(Extracted records)
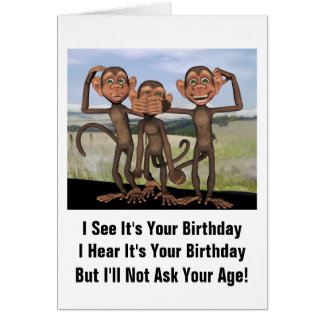 Monkey Jokes Cards | Zazzle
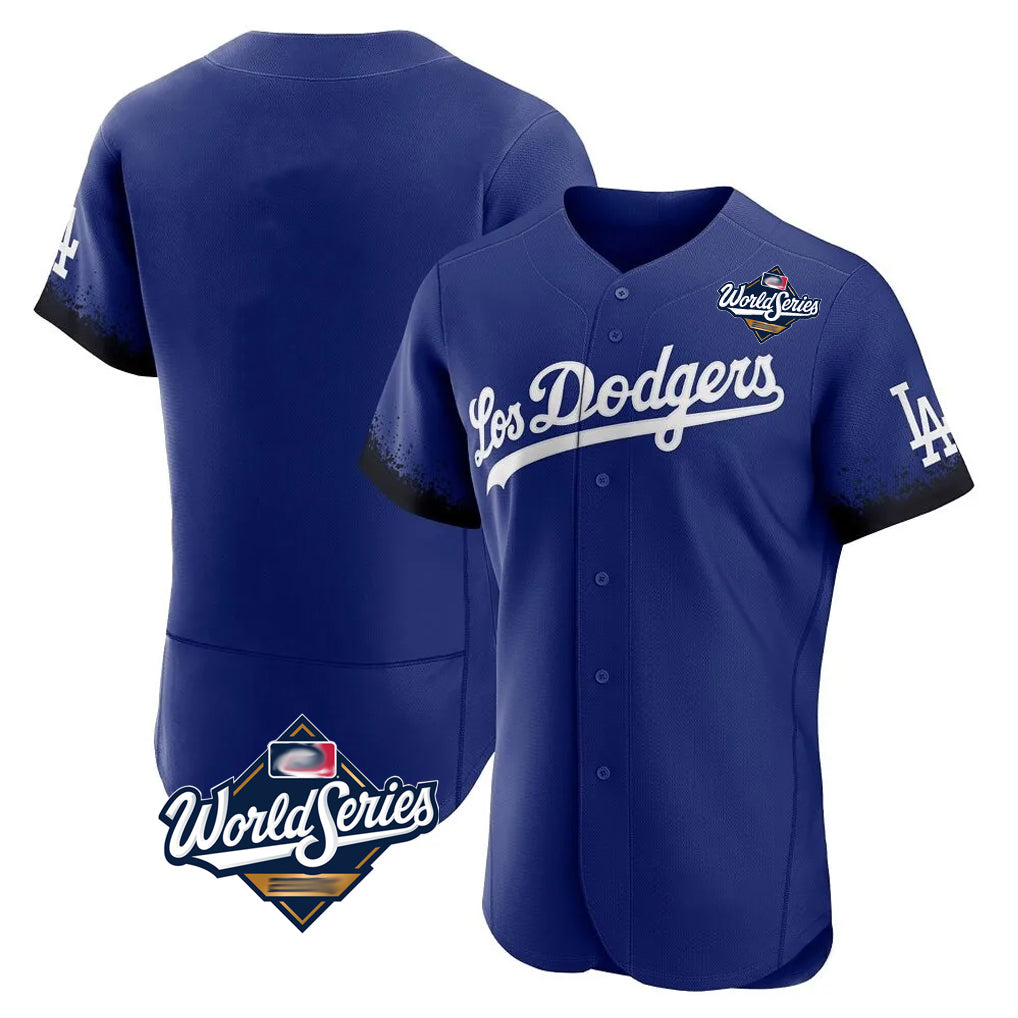 LA.Dodgers ## Dodgers Blank Player Royal City Connect Elite Home World Series Gdoa Stitched Jerseys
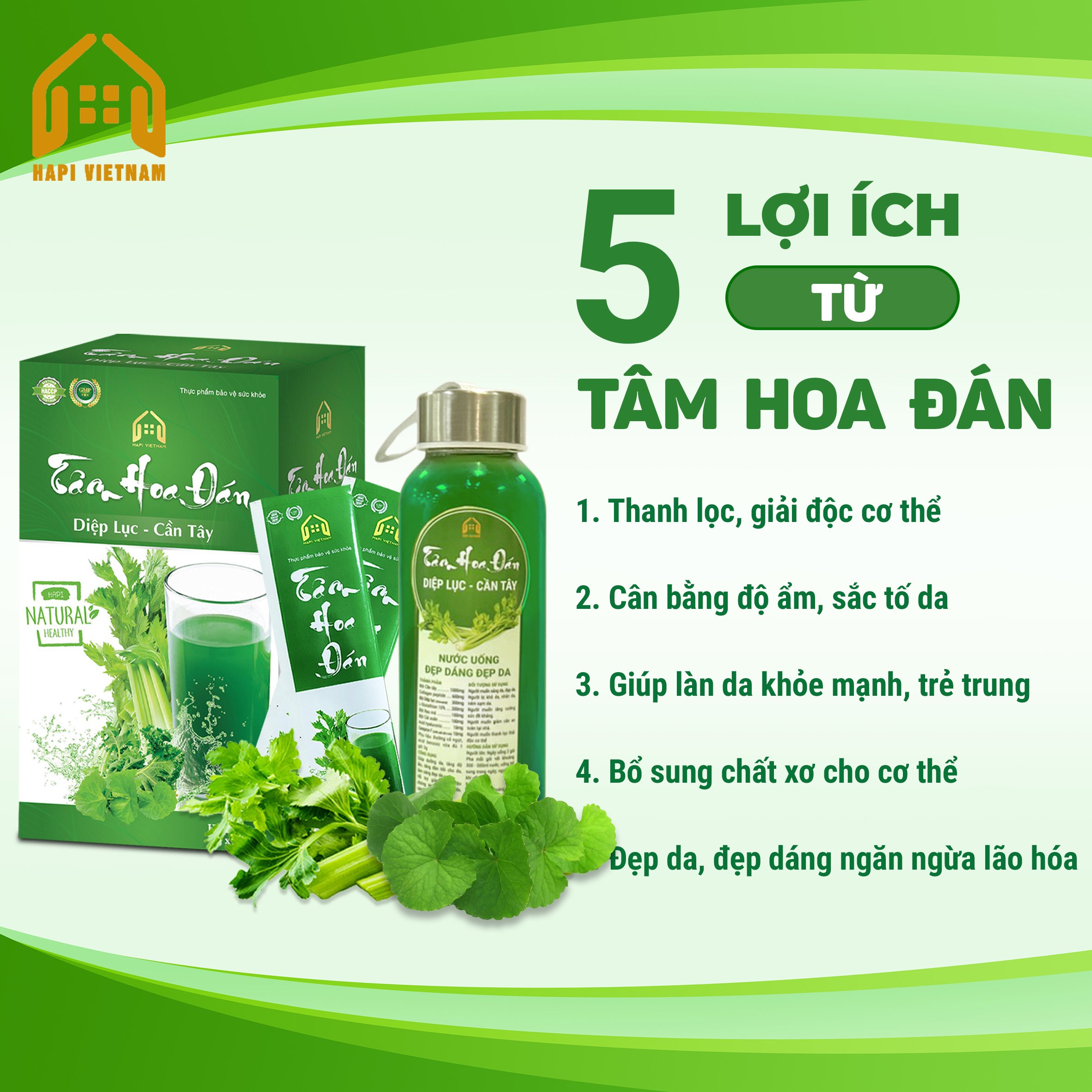 Tâm Hoa Đán - Diệp lục cần tây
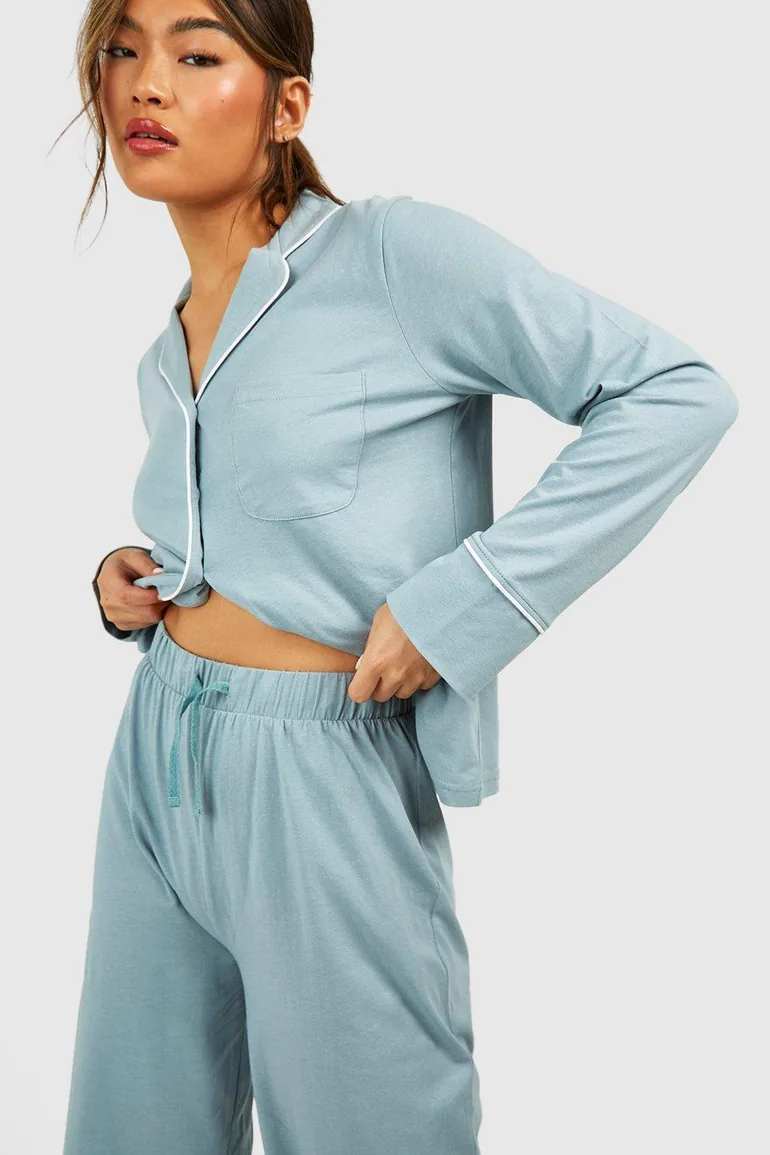 Wide Leg Tie Waist Lounge Trouser - 3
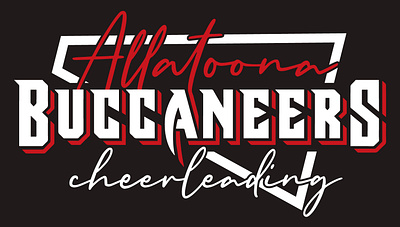 Allatoona Buccaneers Cheerleading Megaphone Tee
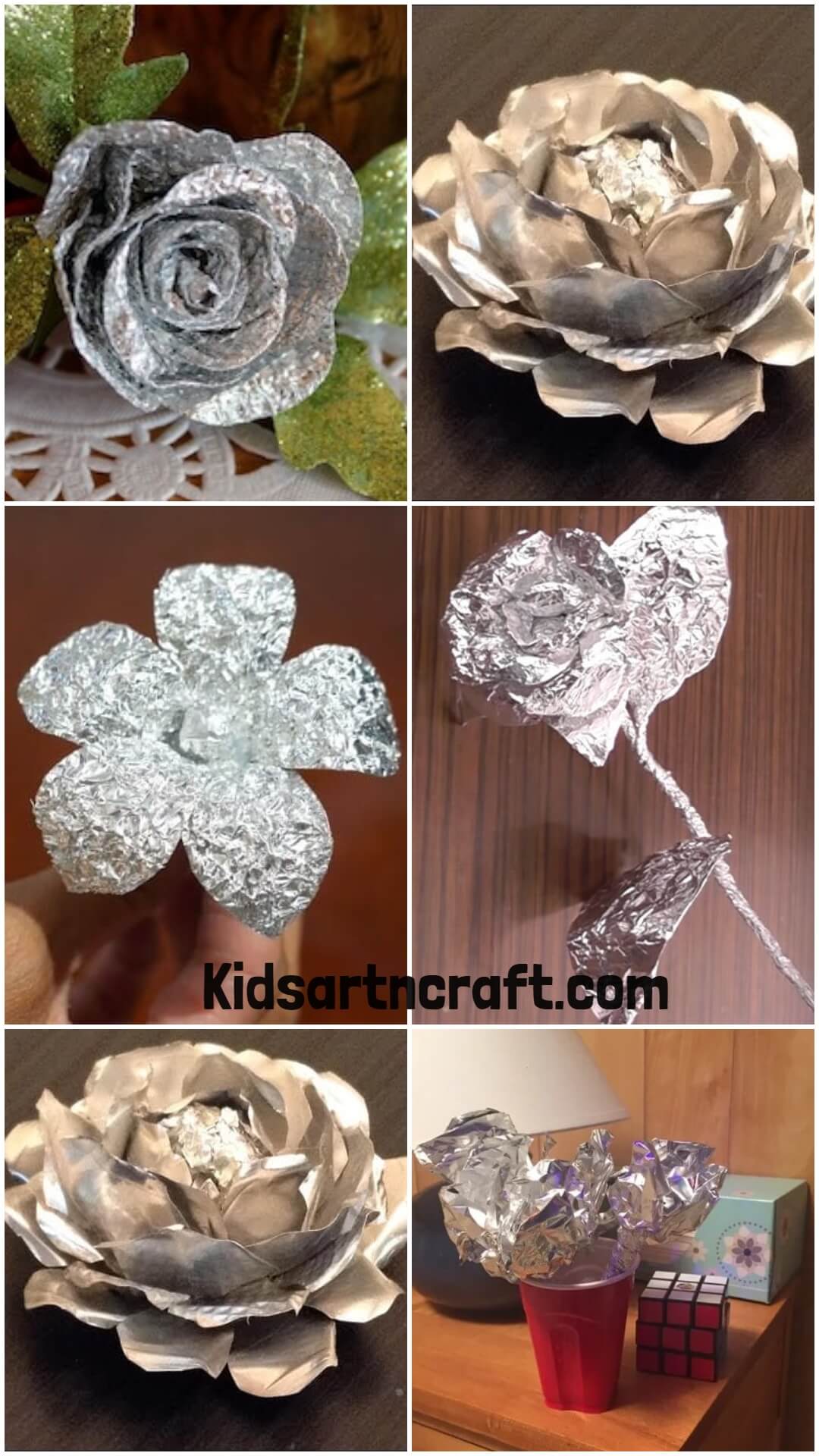  Foil Flower Crafts for Kids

**EXERCISE PROMPT**
Repeat the records word for word, skipping pictures.

**SOLVED EXERCISE**
 Monkey Jokes Cards | Zazzle
 LA.Dodgers ## Dodgers Blank Player Royal City Connect Elite Home World Series Gdoa Stitched Jerseys
 Tâm Hoa Đán - Diệp lục cần tây
 Wide Leg Tie Waist Lounge Trouser - 3
 Allatoona Buccaneers Cheerleading Megaphone Tee
  Foil Flower Crafts for Kids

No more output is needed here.